Getting the first customer is extremely hard, so that should usually be your
unfair advantage when starting a company.

------
JunaidBhai
We tested Draftss ([http://draftss.com](http://draftss.com)) back in April
2018, and here we are today where we have successfully achieved $8,000 MRR by
serving 100+ customers with 0 refunds till date. Draftss provides Graphic
design & Landing Page UI/UX with code on a monthly subscription.

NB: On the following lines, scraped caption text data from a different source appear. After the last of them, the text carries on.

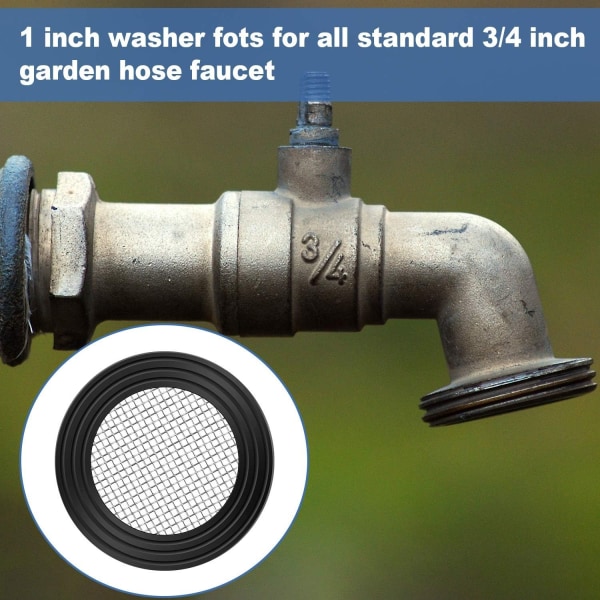 20 stk Rustfritt Stål Filter Hage Slange Vaskemaskin Tetning O-Ring Pakning Gummi Vaskemaskin med 40 Mesh for 3/4 Tommer Hage Slange og Vann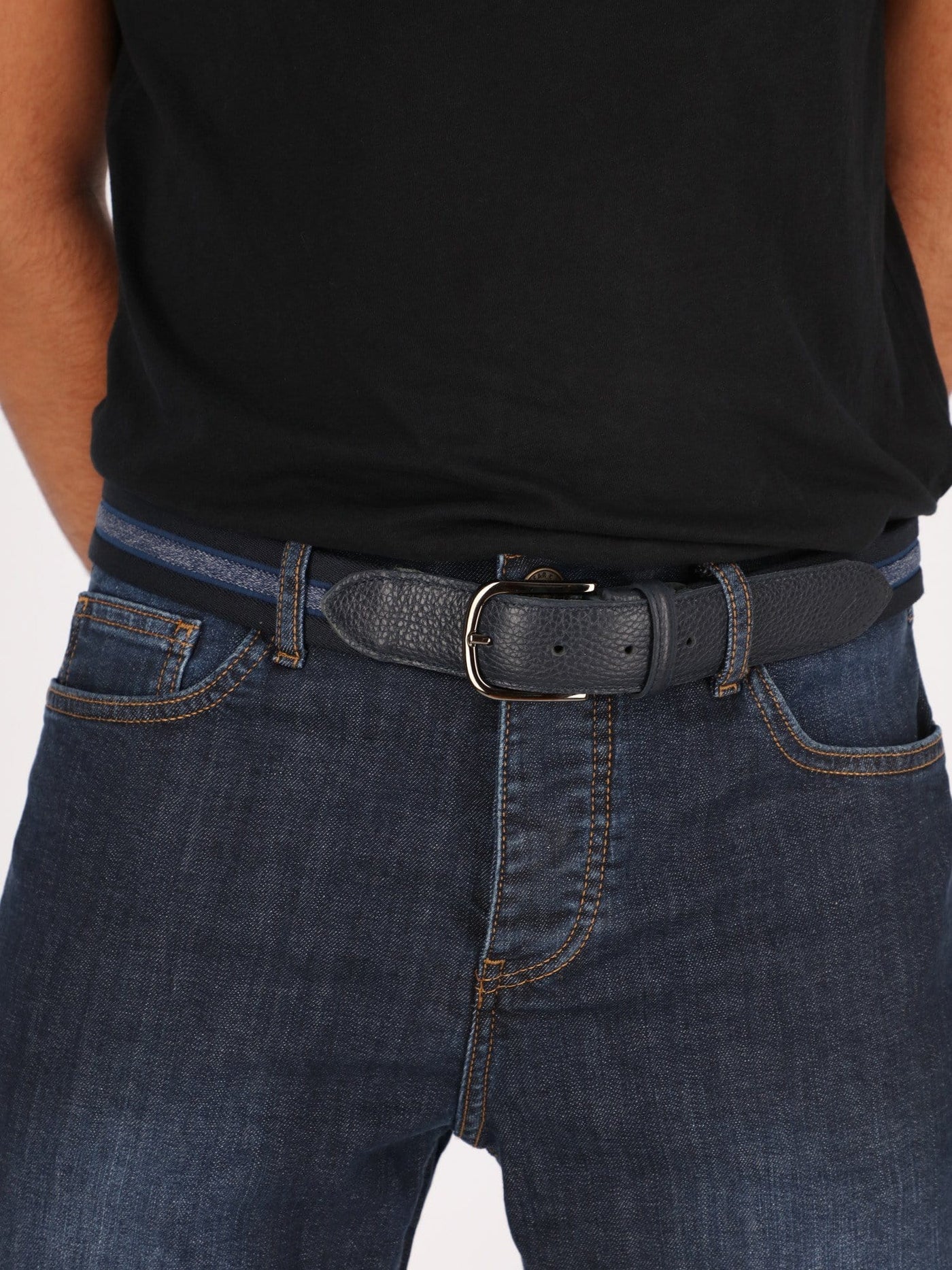 Daniel Hechter Belts Navy / 105 Tab & Buckle Stretch Surcingle Belt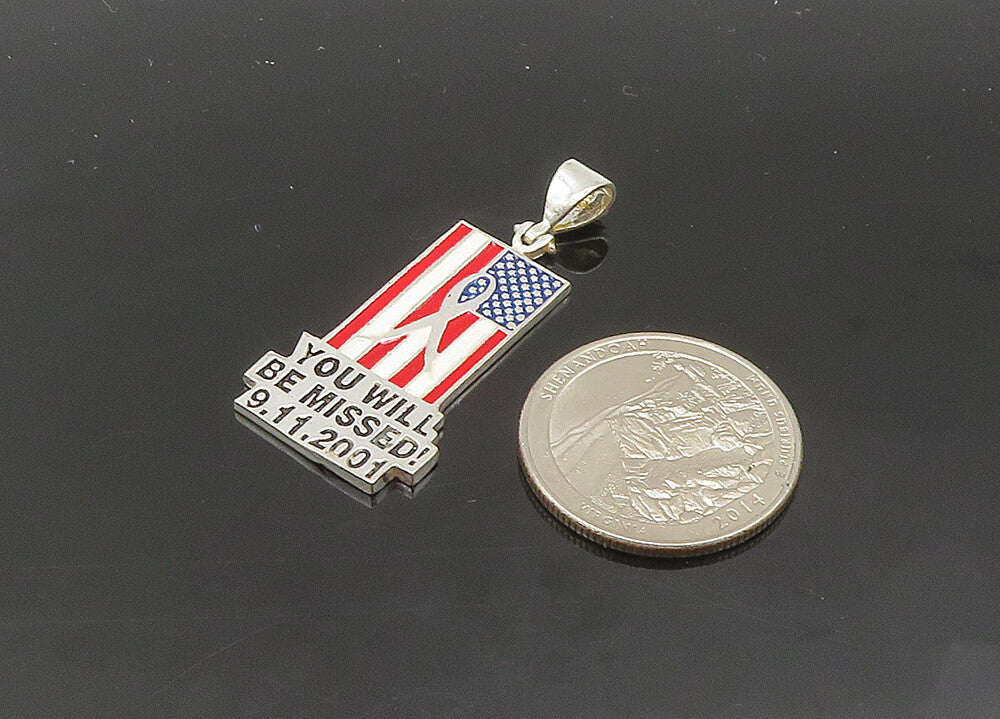 925 Sterling Silver  Vintage Enamel United States Flag Pendant  PT16491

Initially, we built a minimal landing page with a decent portfolio (We had
been running a design shop for more than 10 years and we had a good portfolio
to show). We pushed the prototype website live within a week. To validate the
idea we first published a Show IH post on IndieHackers and hurray! We received
our first 4 customers. We had added the Experiment Plan at $29/per task
thinking that our customer would want to try our services first and then opt
for other superior plans although we didn’t saw any such behavior from our
first few customers.

By then we were pretty sure that our productized service was filling a market
gap. We tried reaching out to customers for feedback on our services who had
previously tried design platforms like 99designs, Upwork, Fiverr, and were
unhappy with the designer services. Each platform had their own issues. This
was an important point where we considered adding many services and carved a
path for future updates. We improvised our landing page, edited out our FAQ’s,
added more designs to our portfolio, optimized images for faster load time,
and many other UI changes to make the landing page more beautiful and crisp.
We re-launched our services on several listing websites and blogs. The traffic
picked up and we were consistently getting users who were interested in our
services.

While the visitors to our landing page were flowing in, we were eventually
hunted on ProductHunt. Within a few minutes, we were bombarded with visitors
on our website. We were sitting handling live chat for more than 18 hours
straight, trying to initiate a conversation with as many visitors as possible.
We believe live chat with visitors on the website is the most effective medium
for getting quick and actionable feedback on your product. For a span of 3
days, We got around 1500+ visits out of which we were able to convert 11
paying customers.

We received tons of feedback from our visitors and customers. Using this
feedback we keep on improving our services. Within the course of 10 months, we
tried connecting with many communities to find a product-market fit. We helped
these communities with our experience and made some good connections. We
eventually created a product where we started providing FREE landing page
UI/UX feedbacks to founders
([http://draftss.com/getfeedback](http://draftss.com/getfeedback)). We have
helped hundreds of founders in improvising their landing pages and are now
inclined to create more open source projects that shall help the community.